CSAT scores improved by 3–7 points, shifting from “Needs Improvement” to “Fair,” while significantly reducing dependency on traditional support channels.
Stakeholder Perspective
"HPE is far ahead of all other vendors with such tools like VSA, there is nothing comparable."
"I was able to use the tool and search for a GreenLake Opportunity. The UI is super slick and speed is so fast.
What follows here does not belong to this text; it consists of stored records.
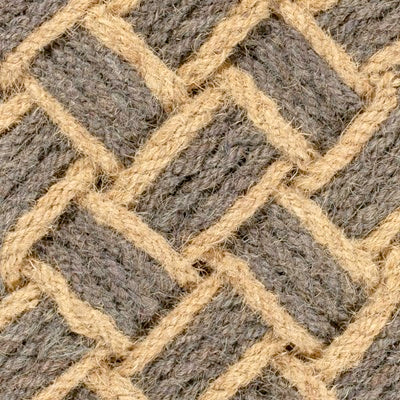 Ocean Classic Coastal Scalloped Basketweave Indoor/Outdoor Coir Mat
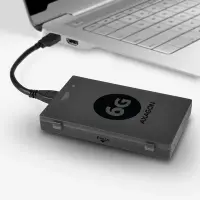 Axagon ADSA-1S6 kõvakettaboks HDD/SSD ümbris Must 2.5" – pilt 3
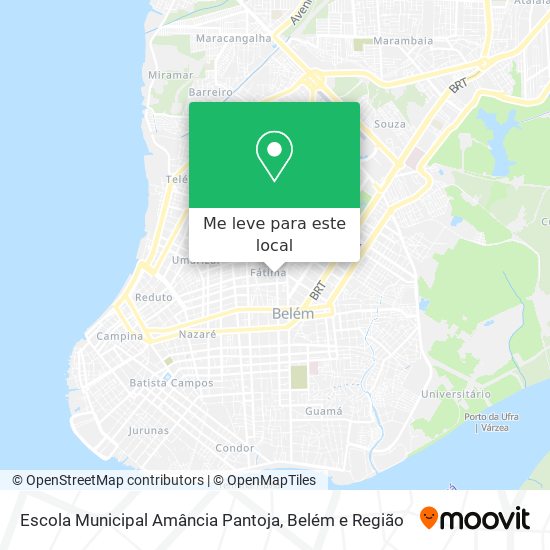 Escola Municipal Amância Pantoja mapa
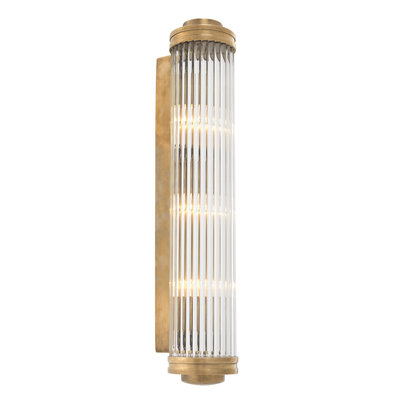 Wall Lamp Gascogne XL vintage brass finish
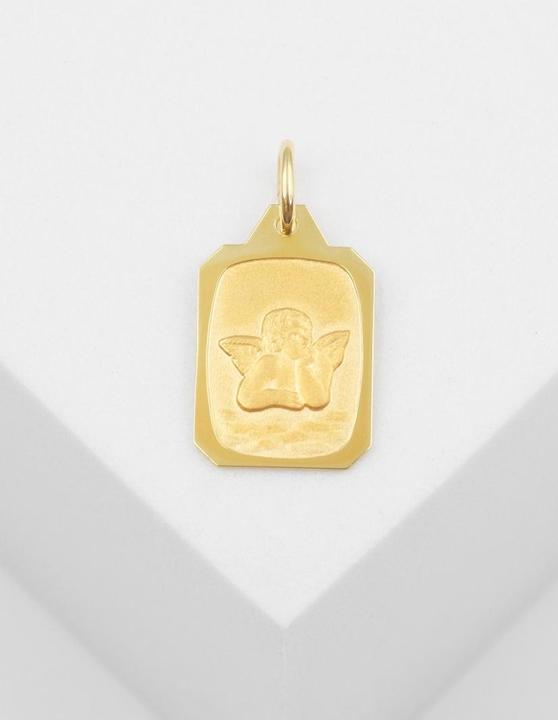 Immagine prodotto Muau Ciondolo angelo custode oro giallo 750, 16x8 mm (Giallo oro)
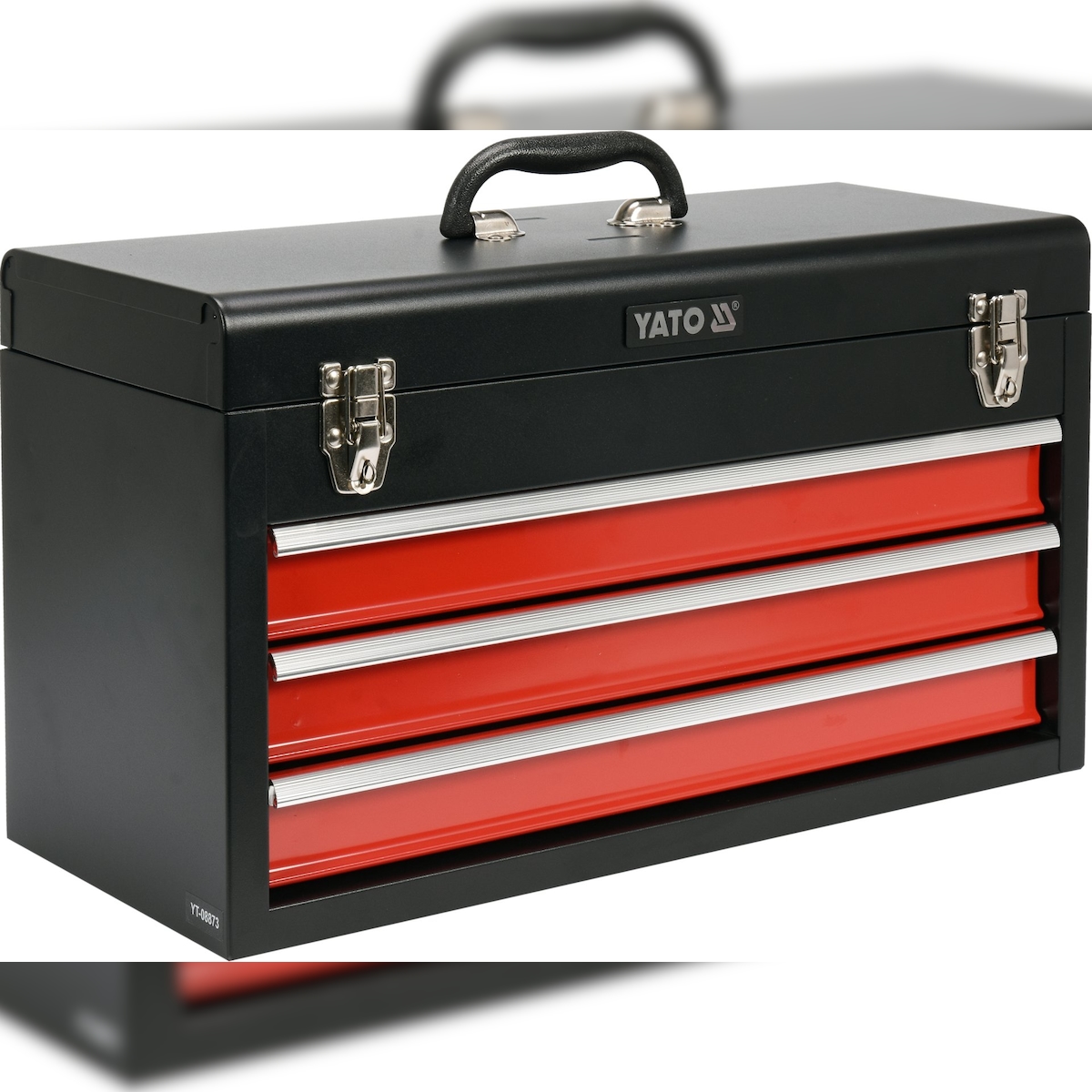 Werkzeugkiste, Werkzeugkoffer Metall 218x300x520 mm mit 3 Schubladen Image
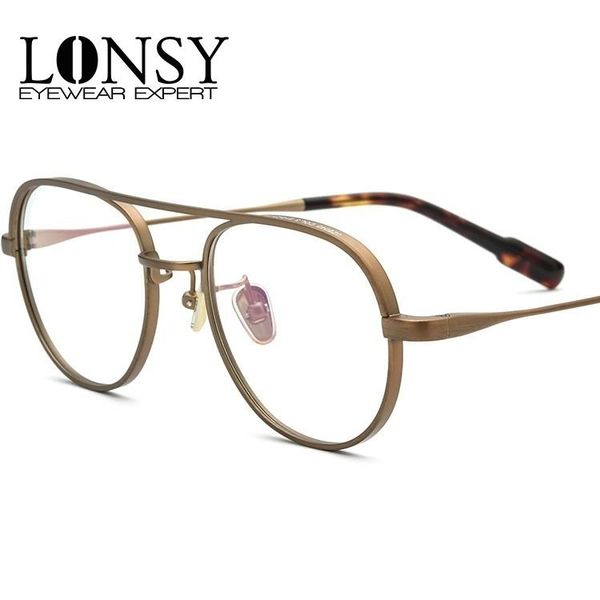 fashion sunglasses frames lonsy pure titanium glasses frame men vintage round myopia optical prescription eyeglasses for women, Black
fashion sunglasses frames lonsy pure titanium glasses frame men vintage round myopia optical prescription eyeglasses for women, Black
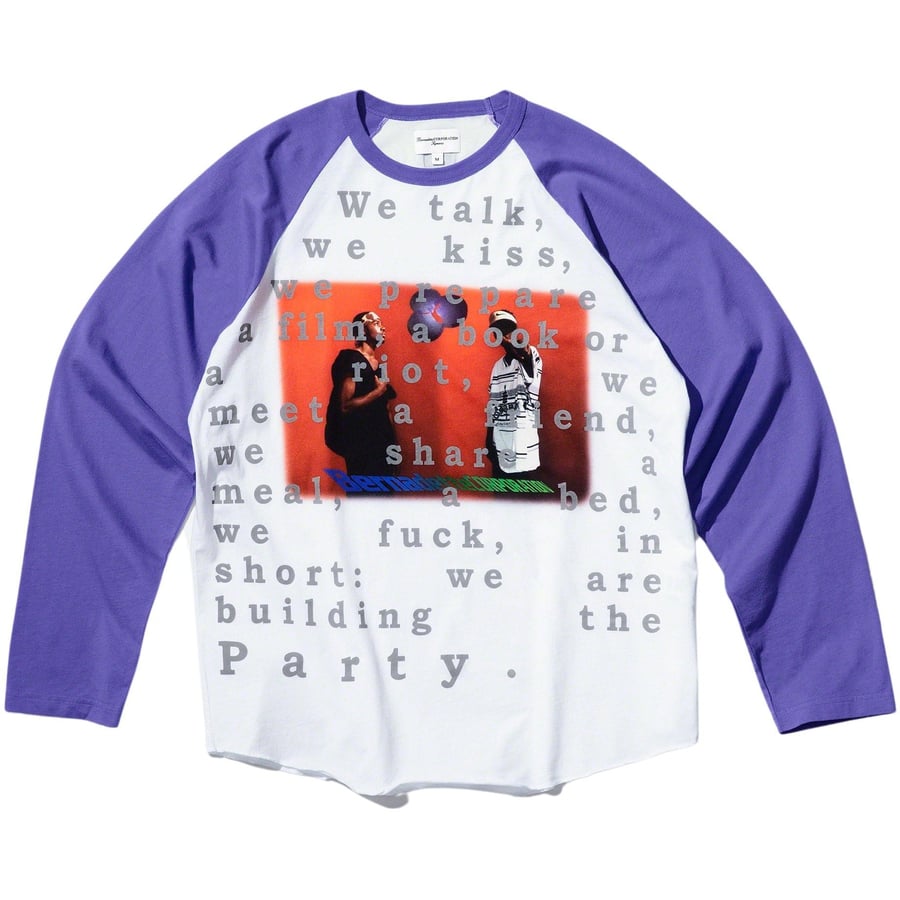 Details on Supreme Bernadette Corporation Raglan L S Top  from spring summer
                                                    2023 (Price is $110)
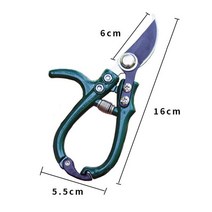 원예 전지가위 가지치기 열매 다기능 정원 수동 안전 버클 스테인레스 스틸 스프링 원예 가지 치기 전단 식물 커터, 01 green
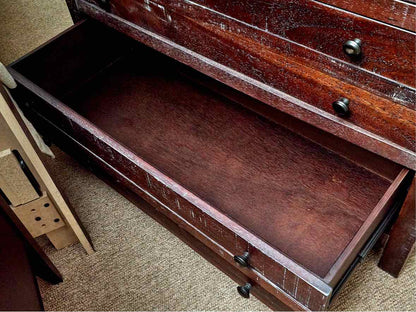 Rustic Plank 5 Drawer Chest
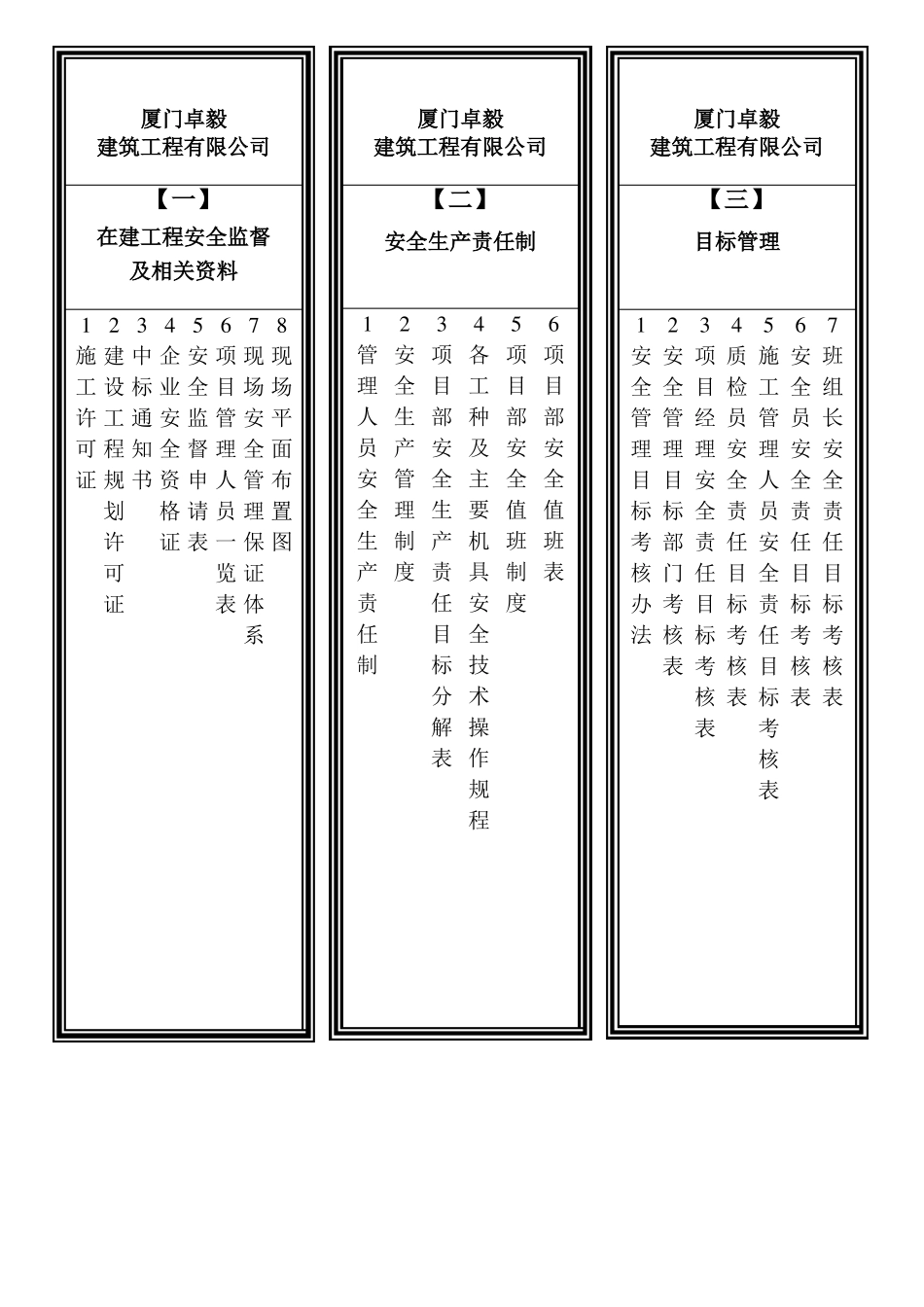 安全内业资料标签_第1页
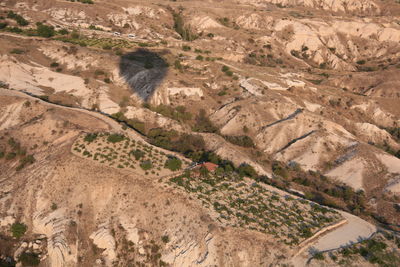 High angle view of a desert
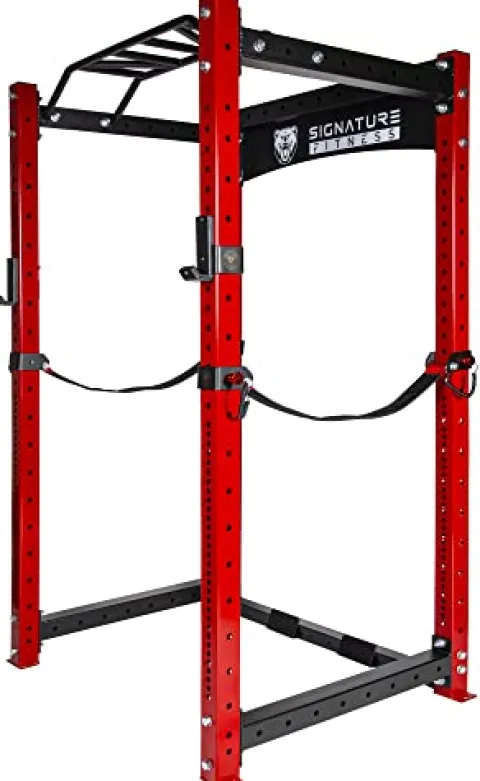 Signature Fitness SF-3 Power Cage Squat Rack Black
This is AMAZING!"
"Possibly one of the greatest recent innovations helping us internally."
"I was struck by how quickly I got feedback on my query from the Live Agent in VSA, I was pleasantly surprised."
Leadership Takeaway
"By aligning user needs with business priorities, we transformed support from a friction point into a competitive advantage — scaling both customer satisfaction and operational efficiency."
Scaling AI-powered UX at enterprise scale requires executive alignment, cross-functional collaboration, and continuous iteration grounded in real user behavior. The shift from a feature-centric chatbot to a problem-solving assistant was successful because every decision was anchored in user research and measurable business KPIs.
This work reinforced my belief that effective design leadership is not about shipping features — it’s about driving sustained, measurable business impact.